Basic exercise for finding a Lagrangian from the Landau's Mechanics

[Lurco]

Basic exercise for finding a Lagrangian from the Landau's "Mechanics"

Hello everyone!

Homework Statement

I've just started preparing for the classical mechanics course using only Landau & Lifgarbagez, so I'm doing everything according to their formulation.

And so I solved an exercise from the first chapter, but I'm not sure if I made that one correct (the answer is different, but a Lagrangian is ambiguous, isn't it?). The statement is:

Find the Lagrange function of a simple pendulum of length $l$, mass $m$, which pivot rotates along a circle of radius $a$ with a constant frequency $f$ in a homogeneous gravitational field with acceleration $g$.

Homework Equations

Formula for a Lagrangian of an isolated, one-particle system in 2 dimensions:
$$L=\frac{1}{2}m(\dot{x}^2+\dot{y}^2)+\textbf{F}\cdot \textbf{r}$$

The Attempt at a Solution

I first formulated a more general case:
- the pivot moves around a circle satisfying $\alpha(t)$, ($\alpha$ is the angle between the pivot's radius vector and the y-axis),
- the angle between the pendulum and y-axis is $\phi(t)$,
- I've chosen the $\alpha$ and $\phi$ for the generalized coordinates of this system.
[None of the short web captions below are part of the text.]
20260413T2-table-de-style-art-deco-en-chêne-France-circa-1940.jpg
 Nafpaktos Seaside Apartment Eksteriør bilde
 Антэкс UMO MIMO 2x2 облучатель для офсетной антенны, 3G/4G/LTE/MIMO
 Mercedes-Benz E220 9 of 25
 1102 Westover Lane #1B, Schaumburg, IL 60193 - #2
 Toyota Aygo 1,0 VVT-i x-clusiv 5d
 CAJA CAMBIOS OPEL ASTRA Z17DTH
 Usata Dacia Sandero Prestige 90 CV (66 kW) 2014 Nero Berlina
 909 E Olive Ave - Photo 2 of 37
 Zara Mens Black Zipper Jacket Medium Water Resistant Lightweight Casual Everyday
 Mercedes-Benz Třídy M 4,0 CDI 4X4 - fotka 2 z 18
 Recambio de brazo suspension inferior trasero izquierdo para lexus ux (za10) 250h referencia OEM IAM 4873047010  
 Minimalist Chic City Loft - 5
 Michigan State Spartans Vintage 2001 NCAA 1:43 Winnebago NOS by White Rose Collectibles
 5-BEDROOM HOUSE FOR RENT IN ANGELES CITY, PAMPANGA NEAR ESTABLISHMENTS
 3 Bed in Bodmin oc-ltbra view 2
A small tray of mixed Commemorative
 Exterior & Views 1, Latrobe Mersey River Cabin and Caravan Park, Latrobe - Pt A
- the Cartesian coordinates of the mass are:
$$x=l \sin{\phi}+a \sin{\alpha}$$
$$y=l \cos{\phi}+a \cos{\alpha}$$

- the velocities:
$$\dot{x}=l \dot{\phi} \cos{\phi}+a \dot\alpha} \cos{\alpha}$$
$$\dot{y}=-l \dot\phi} \sin{\phi}-a \dot\alpha} \sin{\alpha}$$


U=$-\textbf{F}\cdot \textbf{r}=-mgy=-mg(l \cos{\phi}+a \cos{\alpha})$

$$T=\frac{1}{2}m(\dot{x}^2+\dot{y}^2)=\frac{1}{2}m(l^2 \dot{\phi}^2 \textrm{cos}^2 \phi+a^2 \dot{\alpha}^2 \textrm{cos}^2\alpha+2 l a \dot{\phi} \dot{\alpha} \cos{\alpha} \cos{\phi}+l^2 \dot{\phi}^2 \textrm{sin}^2 \phi+a^2 \dot{\alpha}^2 \textrm{sin}^2 \alpha+2 l a \dot{\phi} \dot{\alpha} \sin{\alpha} \sin{\phi})$$

$$L=T-U=m \left(\frac{1}{2}(l^2 \dot{\phi}^2+a^2 \dot{\alpha}^2)+l a \dot{\phi} \dot{\alpha} \cos{(\alpha-\phi)}+g(l \cos{\phi}+a \cos{\alpha}) \right)$$

-And now I substitute $\alpha=\alpha(t)=f t$, and my final solution is:
$$L=m \left(\frac{1}{2}(l^2 \dot{\phi}^2+a^2 f^2)+l a \dot{\phi} f \cos{(f t-\phi)}+g(l \cos{\phi}+a \cos{f t}) \right)$$

The answer in Landau & Lifgarbagez is:
$$L=\frac{1}{2}m l^2 \dot{\phi}^2+m l a f^2 \sin{(\phi-f t)}+m g l \cos{\phi}$$

So is my solution correct and if not, what mistakes am I making? I will be grateful for every answer. I will just add that I don't fully understand the idea of the "total derivative" which, as I suspect is crucial for comparing this two solutions.

 

[vela]

A total derivative is where you differentiate everything as opposed to holding some variables constant. For example, say you have a function F(x,t) = x sin t, where x is a function of t. When you take the partial derivative, you hold x constant and get

$$\frac{\partial F}{\partial t} = x \cos t$$

With the total derivative, you allow for x to vary with t, so you'd get

$$\frac{dF}{dt} = \frac{\partial F}{\partial x} \frac{dx}{dt} + \frac{\partial F}{\partial t} = (\sin t)x'(t) + x \cos t$$

So your Lagrangian has two extra terms that you can express as a total derivative with respect to time, namely

$$\frac{1}{2} ma^2f^2 + ag\cos ft = \frac{d}{dt} \left(\frac{1}{2} ma^2f^2t + \frac{ag}{f}\sin ft\right)$$

so you can toss those terms. After doing that, I can almost transform their Lagrangian into yours by considering

$$\frac{d}{dt} [f \cos (\phi-ft)]$$

You can get the two Lagrangians to look almost exactly like each other. You just need to figure out if the remaining difference really matters or if you can somehow get it to go away.